The records below need to be repeated exactly, though not their pictures.

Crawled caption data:
>>

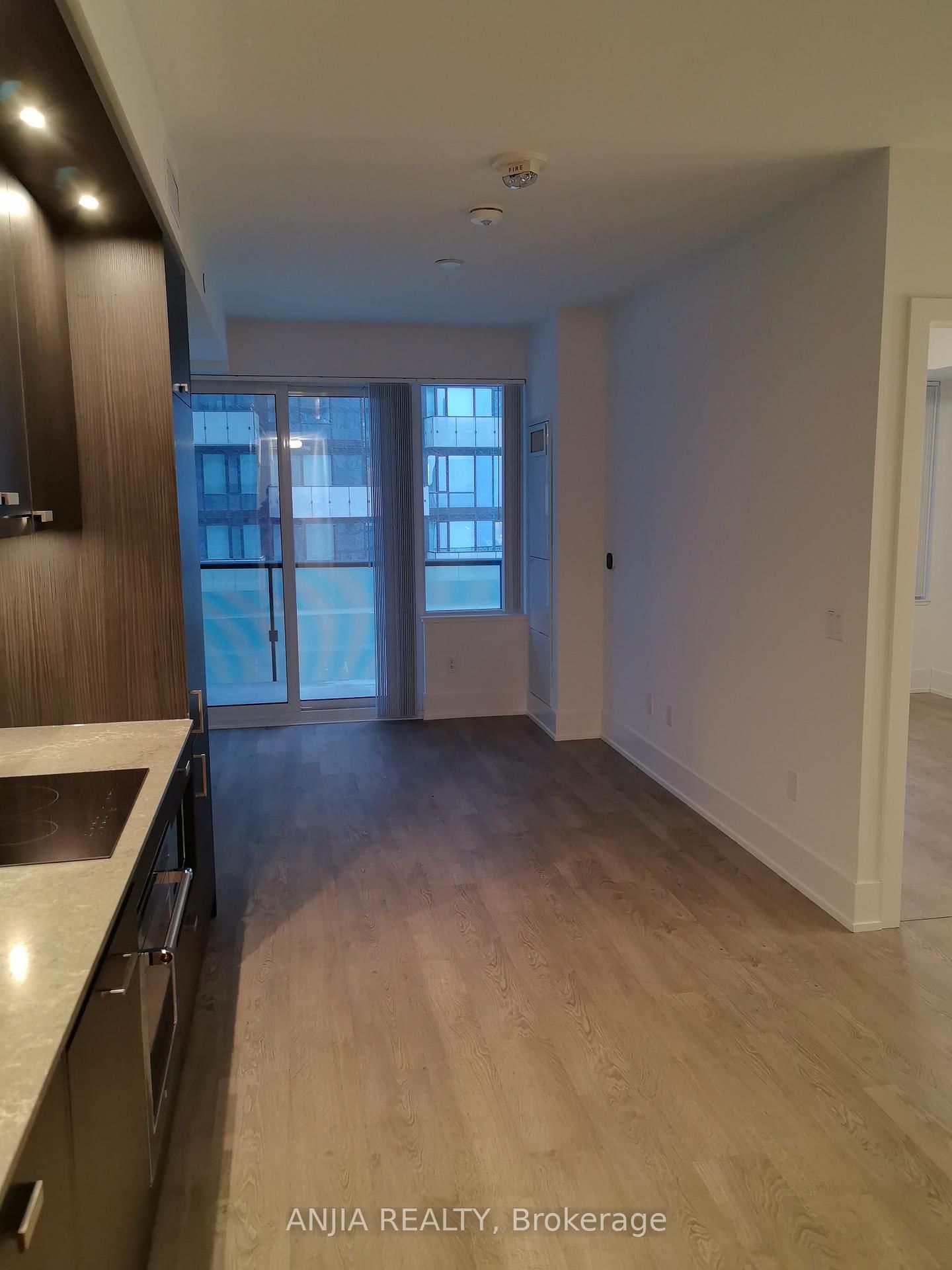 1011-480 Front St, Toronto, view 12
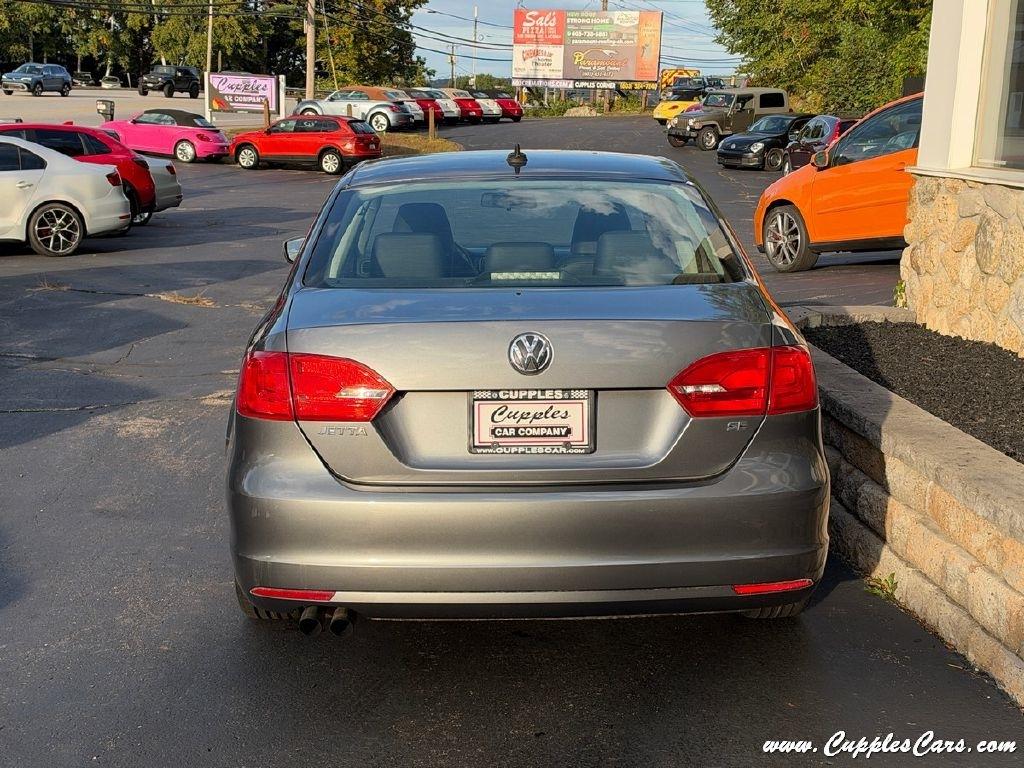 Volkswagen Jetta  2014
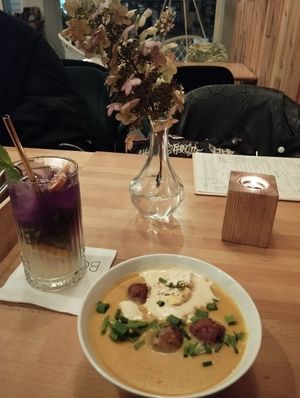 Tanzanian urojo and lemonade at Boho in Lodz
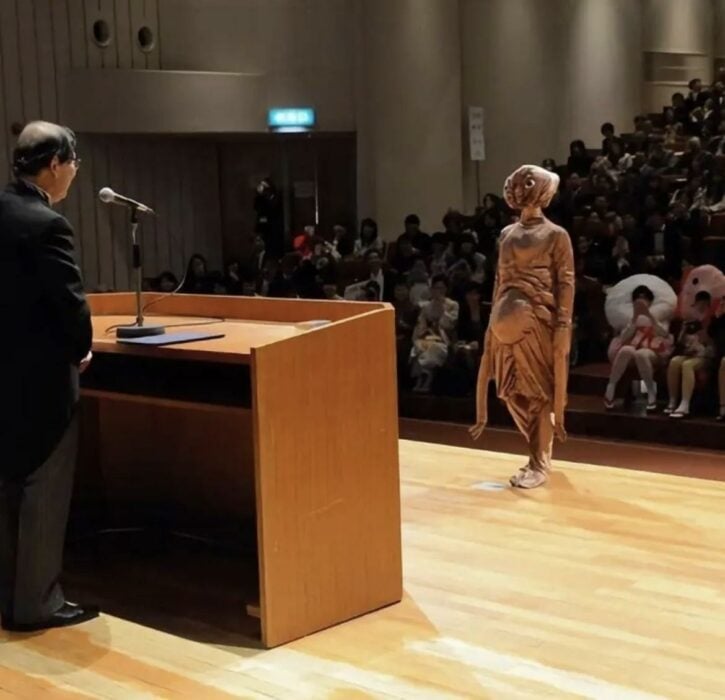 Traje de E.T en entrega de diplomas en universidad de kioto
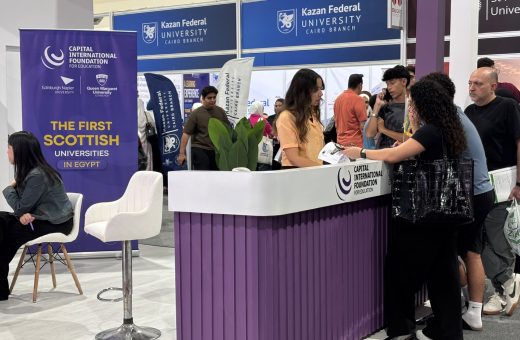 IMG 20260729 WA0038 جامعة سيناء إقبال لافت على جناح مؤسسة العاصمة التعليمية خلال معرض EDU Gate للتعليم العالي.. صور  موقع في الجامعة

<<

▸ Task output
 1011-480 Front St, Toronto, view 12
 Volkswagen Jetta  2014
 Tanzanian urojo and lemonade at Boho in Lodz
 Traje de E.T en entrega de diplomas en universidad de kioto
 IMG 20260729 WA0038 جامعة سيناء إقبال لافت على جناح مؤسسة العاصمة التعليمية خلال معرض EDU Gate للتعليم العالي.. صور  موقع في الجامعة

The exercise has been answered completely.